* THE TASK
Nothing is to be altered; the data must be repeated exactly.

[[ DATASET EXCERPT open ]]

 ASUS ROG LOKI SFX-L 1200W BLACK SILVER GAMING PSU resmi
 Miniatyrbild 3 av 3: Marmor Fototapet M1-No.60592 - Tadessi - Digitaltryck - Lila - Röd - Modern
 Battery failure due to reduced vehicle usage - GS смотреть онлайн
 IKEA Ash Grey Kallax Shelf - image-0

[[ DATASET EXCERPT closed ]]

* RESULT FOR THIS EXERCISE
 ASUS ROG LOKI SFX-L 1200W BLACK SILVER GAMING PSU resmi
 Miniatyrbild 3 av 3: Marmor Fototapet M1-No.60592 - Tadessi - Digitaltryck - Lila - Röd - Modern
 Battery failure due to reduced vehicle usage - GS смотреть онлайн
 IKEA Ash Grey Kallax Shelf - image-0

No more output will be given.